8. Rising shoe prices
There are still several good running shoes available for $100 or less, but don’t expect prices to trend downward this year. Although many great performance-oriented trainers can be found in the $105 to $125 price range, Newton, Hoka One One and a few other brands have forever changed the spectrum with premium pricing—now there are dozens of models in the $130 to $175 price range. The higher cost of material, manufacturing and shipping are mostly to blame, but so too are the advanced features and designs. The ASICS MetaRun shoe—the most expensive running shoe ever—carries a price tag of $250.
9. Running retail changes
The best place to shop for running shoes and gear is at your local running specialty shop—and ideally one that is locally owned—because that’s typically where you’ll get the best service, local knowledge, and community interaction and support. But the retail industry is changing and those small stores that have been at the core of the sport for decades are struggling. Some of the best shops in the country are now owned by national chains more loyal to the bottom line and corporate shareholders than to the local running scene. Plus, there are dozens of online stores selling closeout models at big discounts.

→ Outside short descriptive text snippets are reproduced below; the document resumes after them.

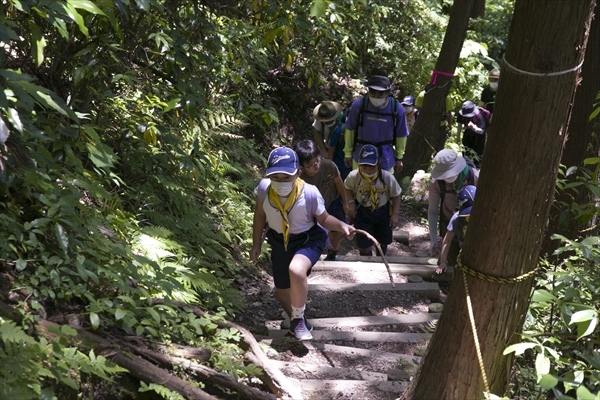 日野2団カブ隊の活動写真その810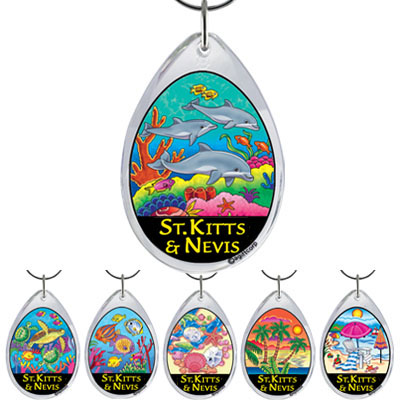 St Kitts & Nevis Trop/DSGNS 3 D/T/DRP K/C 6 AST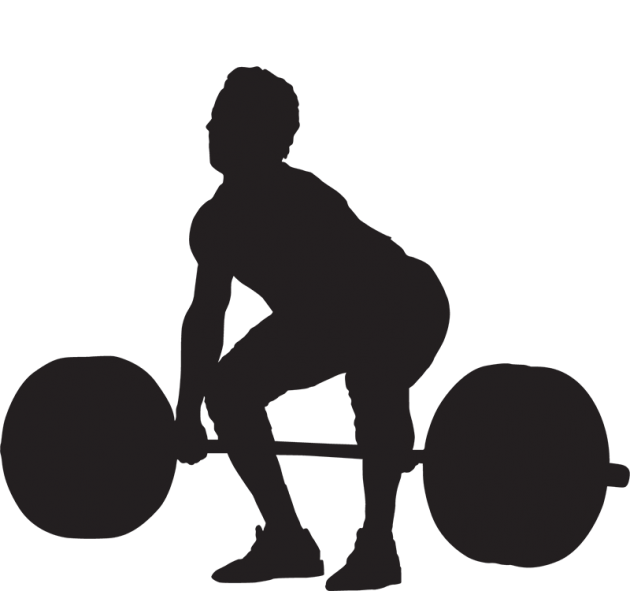 Clean And Jerk Standing Clipart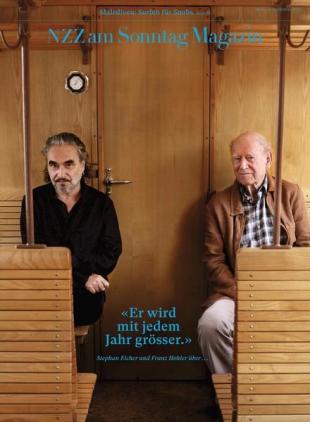 NZZ am Sonntag Magazin - 04 September 2022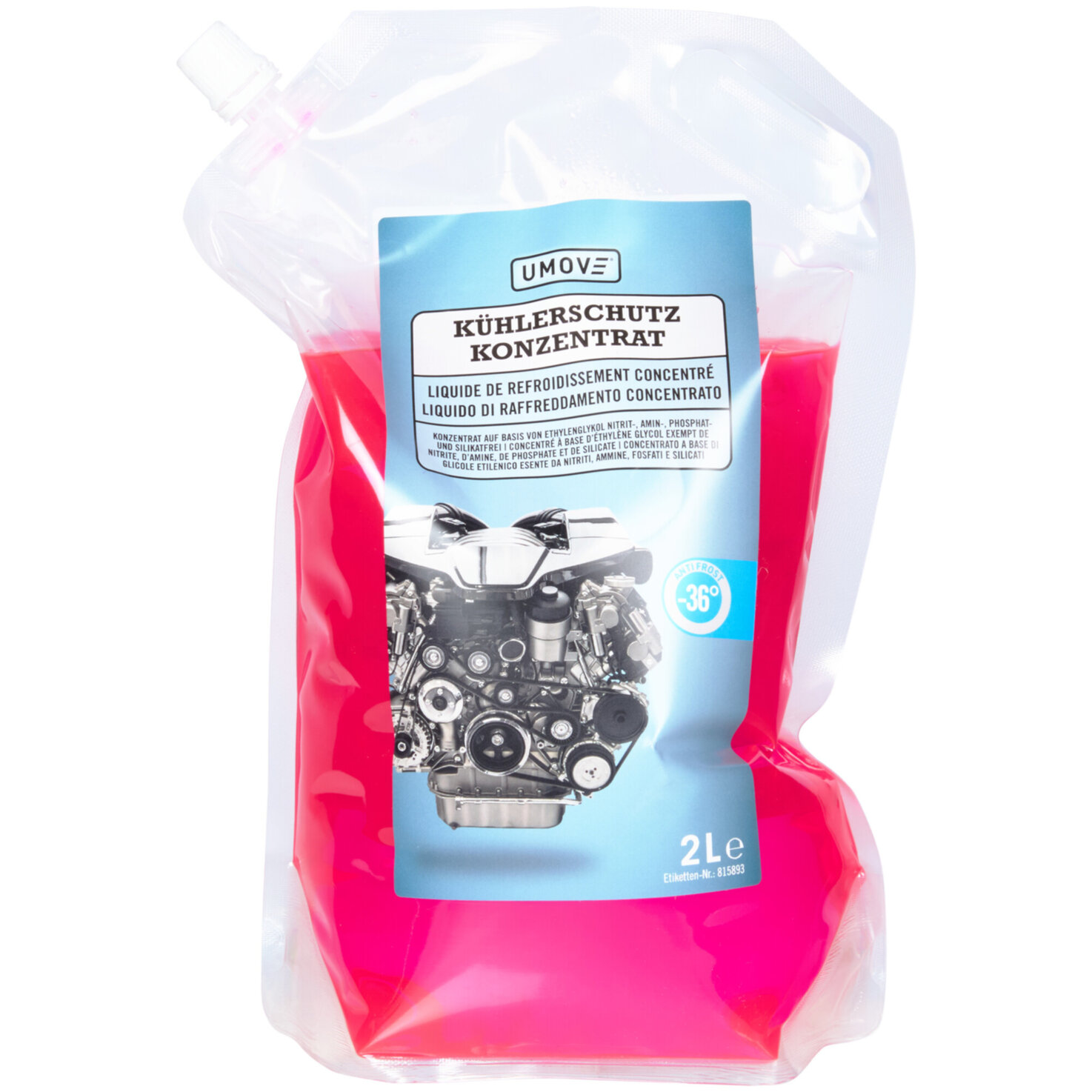 Umove Kühlerschutz Konzentrat | 2L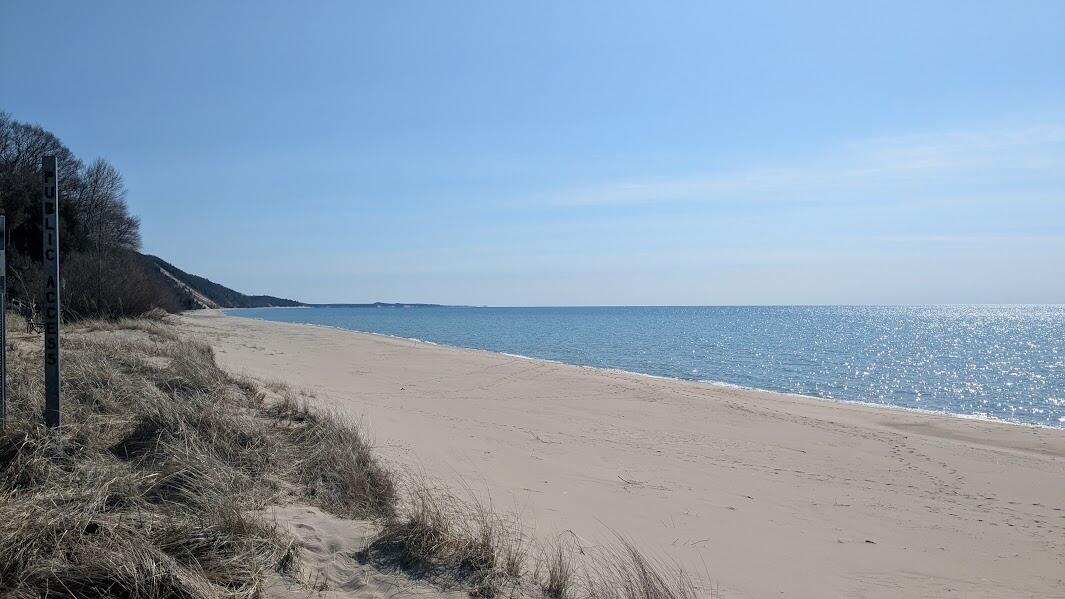 Opal Ridge Drive, Unit 68 Onekama, MI 49675 - Photo 22 of 33 Pierport Public Beach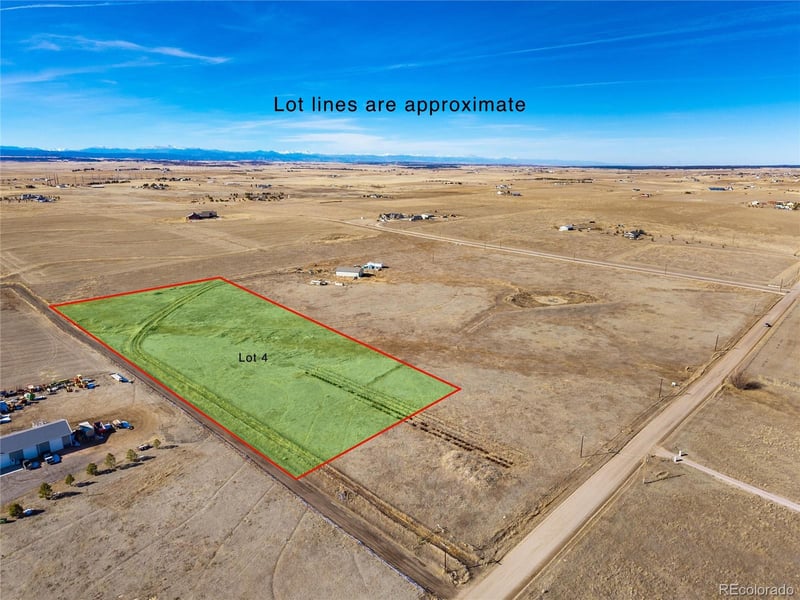 25995 County Road 5 Lot 4, Elbert, CO 80106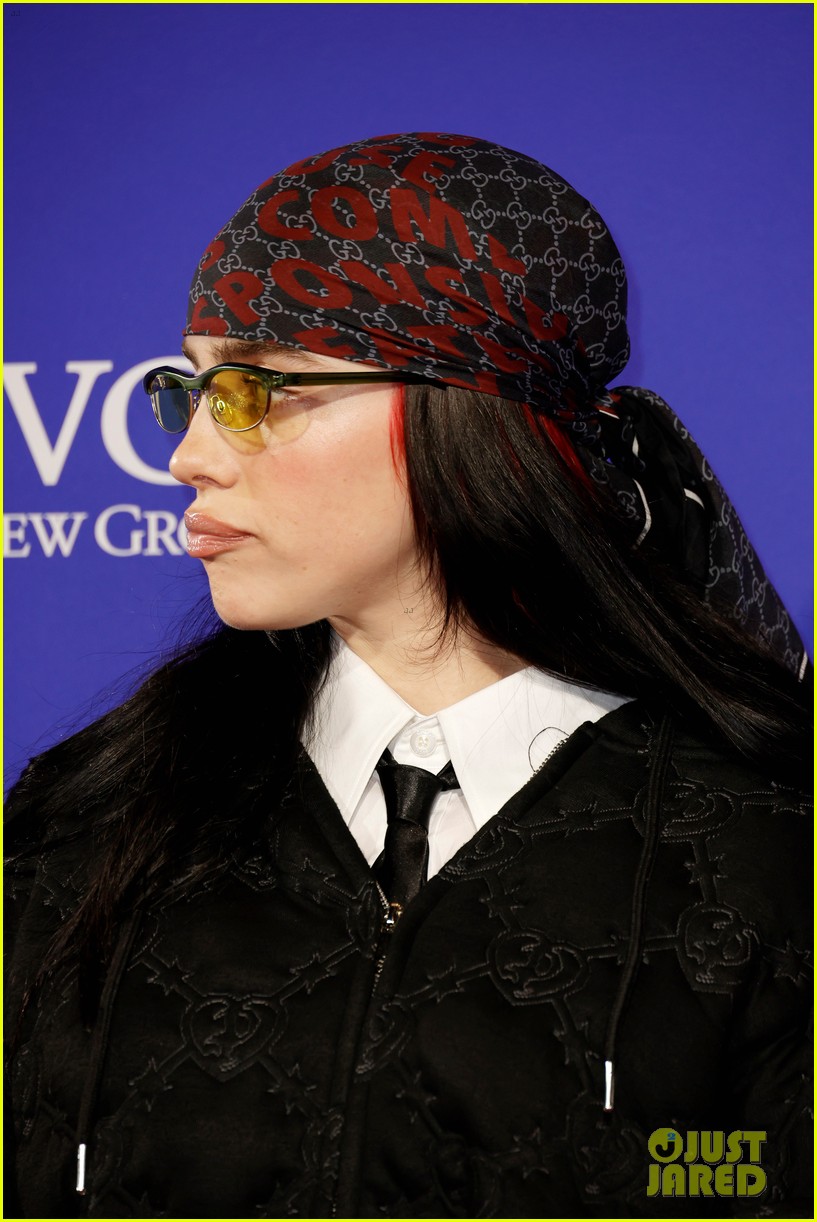 Billie Eilish Gets Emotional, Apologizes for Being 'Dark' During Speech at Palm Spring Film Festival Awards Gala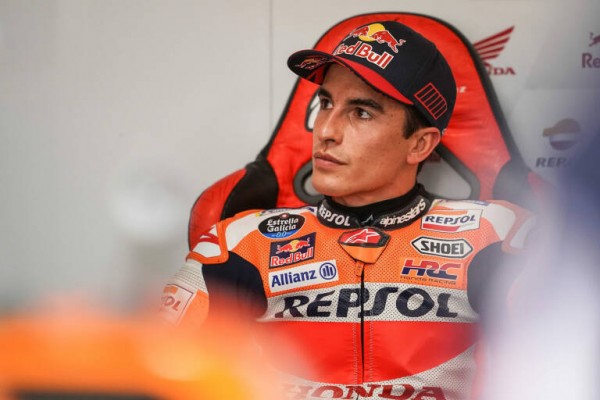 El piloto español Marc Márquez dejará Honda a final de esta temporada
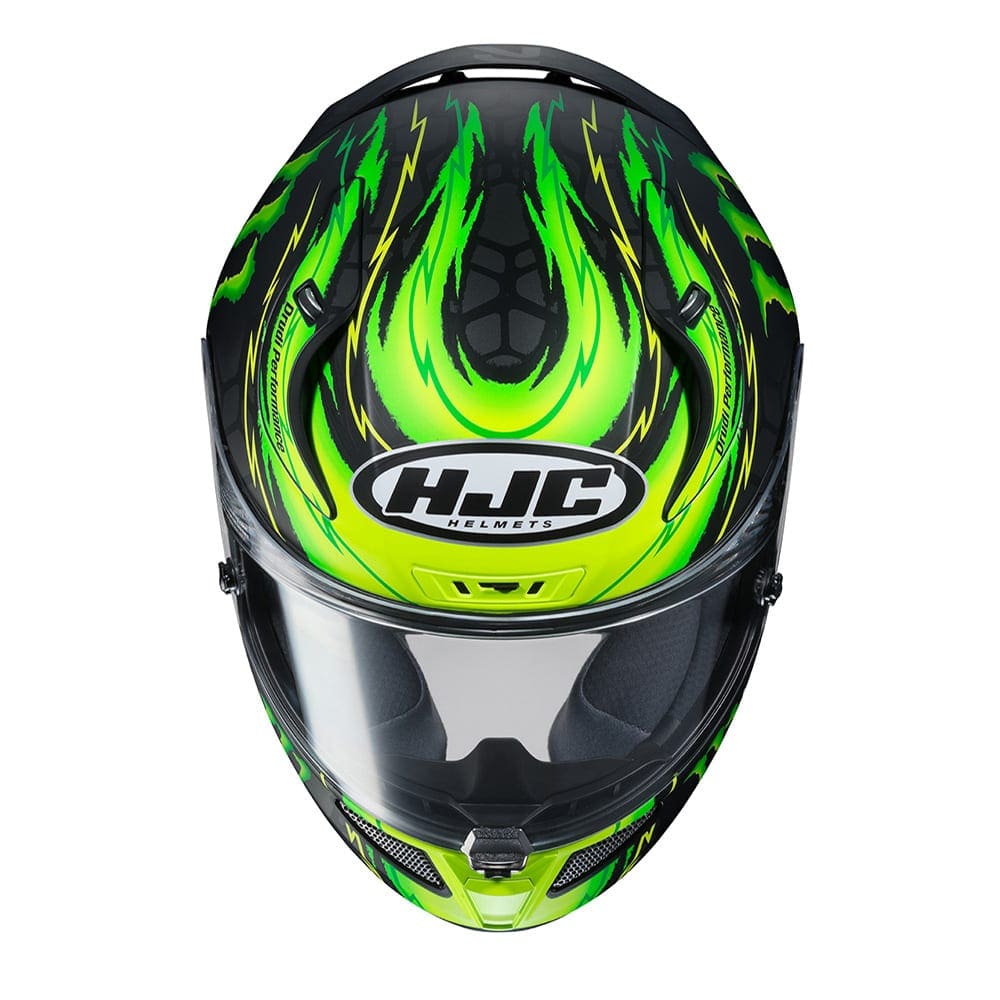 Opening image HJC helmet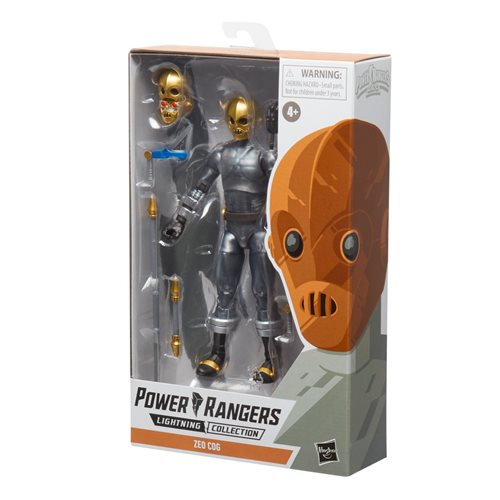 Power Rangers Lightning Collection Zeo Cog 6-Inch Action Figure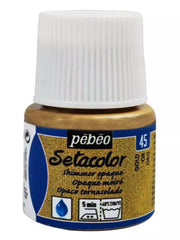 Pebeo Setacolor Opak Kumaş Boyası 45 ml YD Or Moire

Support your local shops this year as a treasure of your local running community.
10. Running is fun
This should seem like a no-brainer, but this should also always be the single greatest trend in running. For some it means hammering hard track workouts in pursuit of faster race times or going on grueling all-day adventure runs to train for an ultra race or to achieve personal FKTs out on the trails. For others it means wearing a tutu and doing your best to merely reach the finish line of a half marathon, or showing up for a 5K group run after a long workday to blow off some steam and enjoy a happy hour beer with friends. To each their own! No matter how you do it, make sure you’re having fun when you’re out there putting one leg in front of the other.